In early 2015, work toward this goal began with Emory University clinicians/scientists and the WHO, and has subsequently evolved into his current position with the Frederick National Laboratory. Regarding acute EVD, initial work focused on understanding
clinical disease and the dysregulated host immune response (at higher resolution), as well as efforts to define and improve previously underappreciated and under-emphasized approaches to the supportive care of the EVD patient. Regarding the sequelae
of EVD, efforts with an Emory Eye Team focused on characterizing and developing clinical care protocols for newly appreciated EVD-associated uveitis, including addressing unknowns around the potential persistence of Ebola virus in the eyes of African
survivors. A subsequent position with the WHO EVD survivor team lent both high level (e.g., development of survivor care guidelines, tracking Ebola virus persistence and residual risk associated with persistence in the semen of male EVD survivors)
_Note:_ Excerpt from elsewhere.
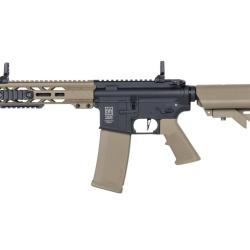 REPLIQUE LONGUE 6MM SA-F08 FLEX HAL G2 TAN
and three-country, on-ground expertise in training Western African (Sierra Leone, Liberia, Guinea) clinicians in the care of the EVD survivor. These guidelines have been subsequently adapted in recent outbreaks in the Democratic Republic of the Congo
(DRC).
Since an October 2017 start with the Frederick National Laboratory (based at the IRF at Fort Detrick), continuing work at the human bedside is now complemented by more basic scientific interrogation of the same questions in in vitro and animal models
of EVD. Regarding the latter, relevant ongoing projects at the IRF have focused on the development of advanced therapeutic candidates for EVD, including the use of combination therapy, as well the development of appropriate models to explore Ebola
viral persistence and clinical sequelae. Regarding human disease, at the request of the WHO, his position has enabled multiple deployments (over more than five months of the ongoing 2018-2020 EVD outbreak in the DRC) to provide in-country technical
expertise inside Ebola Treatment Units in North Kivu, Ituri, and South Kivu provinces. This work has focused on training African clinicians in and optimizing the delivery of advanced supportive care and the safe use of experimental therapeutics, initially
under the MEURI compassionate use protocol and then as a member of the PALM randomized controlled trial of EVD therapeutics study team. In addition, he has been a key leader in the development of first-in-kind WHO Advanced Case Management for Clinicians
training in the DRC and in Uganda and Tanzania/Zanzibar. It is expected that this agility to the human bedside will continue in ongoing and future filoviral disease outbreaks.
He continues also to lend technical expertise in scientific (e.g., as the current Filovirus Animal Non-Clinical Group [FANG] co-lead) and global health spaces (e.g., invited subject matter expert for WHO guideline development groups related to EVD in
pregnant women and Ebola viral persistence in EVD survivors), as well as in frequent speaking invitations in international, national, and academic settings.